At the same time that the Jin duke was conquering new lands, a process of "subinfeudation" or "rear vassalage" occurred in the early and middle periods of the Spring and Autumn period, wherein aristocratic titles and territory were awarded to vassals loyal to Jin, rather than to the Zhou royal family. However, Jin was unique among the major states in a major respect; whereas other states often enfeoffed the cadet branches of the ruling house, Jin had a policy of exiling or disempowering its own cadet houses. Instead, powerful ministerial families emerged, which were granted fiefs similar to those of cadet houses in other states. For example, the house of Zhao descended from Zhao Cui, while the house of Wei descended from Wei Chou, both of whom were retainers of Duke Wen of Jin; the house of Han in turn descended from Han Wan, who was an uncle of Duke Wu of Jin.

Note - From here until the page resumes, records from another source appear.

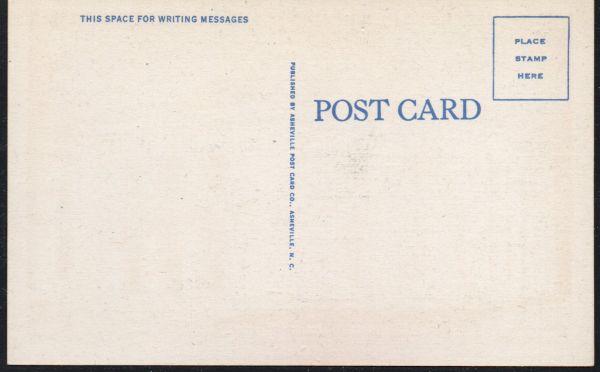 Tennessee colour PC Night View US Post Office Johnson City unused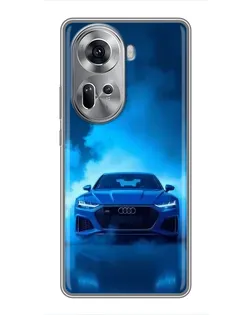Чохол для OPPO Reno 11 5G з картинкою «Audi — блакитна енергія» Чохол для OPPO Reno 11 5G з картинкою «Audi — блакитна енергія»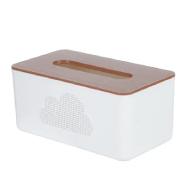 Miniso Imitation Wood Pattern Tissue Box – L
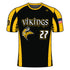 Evo9x SB VIKINGS Full Dye Sublimated Crew Neck Shirt Black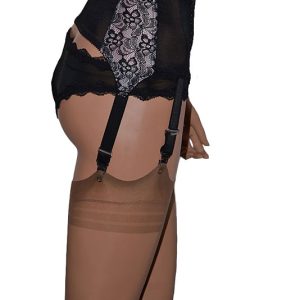 luxury 6 strap suspender belt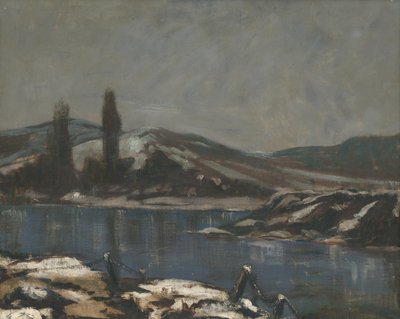 Považská Landscape by Laszlo Mednyanszky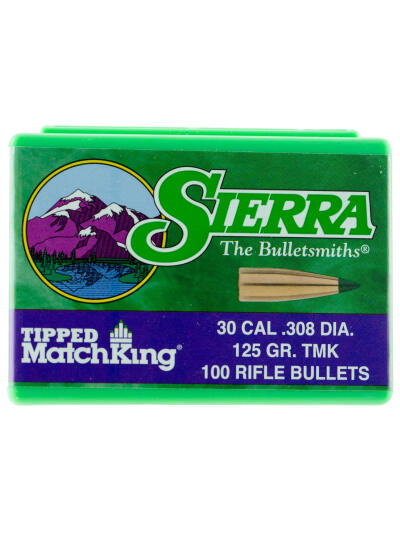 Sierra 7725 Tipped MatchKing  30Cal 125gr Tipped MatchKin 100/Box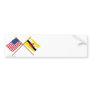 US and Brunei Crossed Flags Bumper Sticker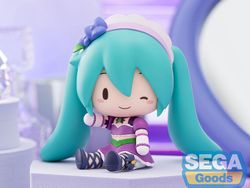 Vocaloid Fuwa Petit Hatsune Miku Sparkly Purple Chibi Figure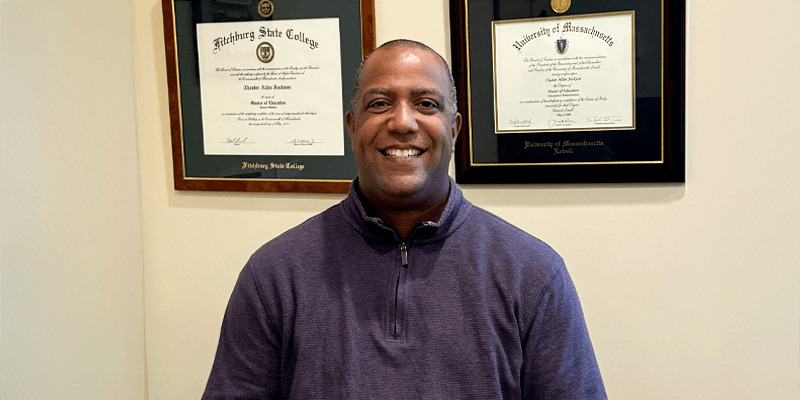 Principal Chester Jackson in his office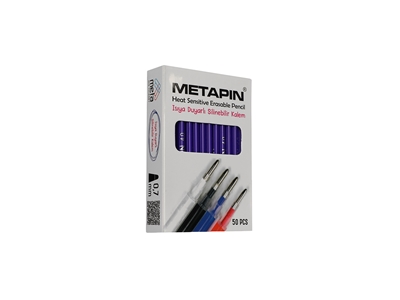 Metapin İçi Mavi (0.7 Mm) - 50 Adet Isı İle Silinebilen Uçan Refill Kalem - 0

Over time, while other powerful states (like Chu) were centralizing power through a rising bureaucracy, Jin continued to have a feudal power structure with aristocratic families ruling even individual counties. Over the course of a few generations, the major aristocratic families gained enough power to undermine the ruling duke's authority. During most of the seventh and sixth centuries BCE, Jin was composed of an assortment of semi-independent city-states fighting each other and the Jin Duke as much as they fought other states. In one extreme case, Viscount Xian of Xi, a retainer of Duke Jing of Jin, attempted to invade the state of Qi with only the troops under his command.

==Growing aristocracy==
The House of Zhao (趙 (赵)) gained in prominence after Duke Wen placed them in charge of newly conquered lands such that, in 607 BCE, they deposed a duke that attempted to curb their political power. The Xian clan (先) was eliminated in 596 BCE. Duke Li of Jin encouraged the Luan clan (栾) to lead a military coalition that squashed the rising power of the Xi clan (郤). Subsequently, in 573, Luan supporters had Duke Li murdered and placed a puppet on the throne and the clan was then itself eliminated by 550, making the Zhi, Zhao, and Han (韩) clans the most powerful at about this time. Soon after, the Wei clan (魏) also grew in power.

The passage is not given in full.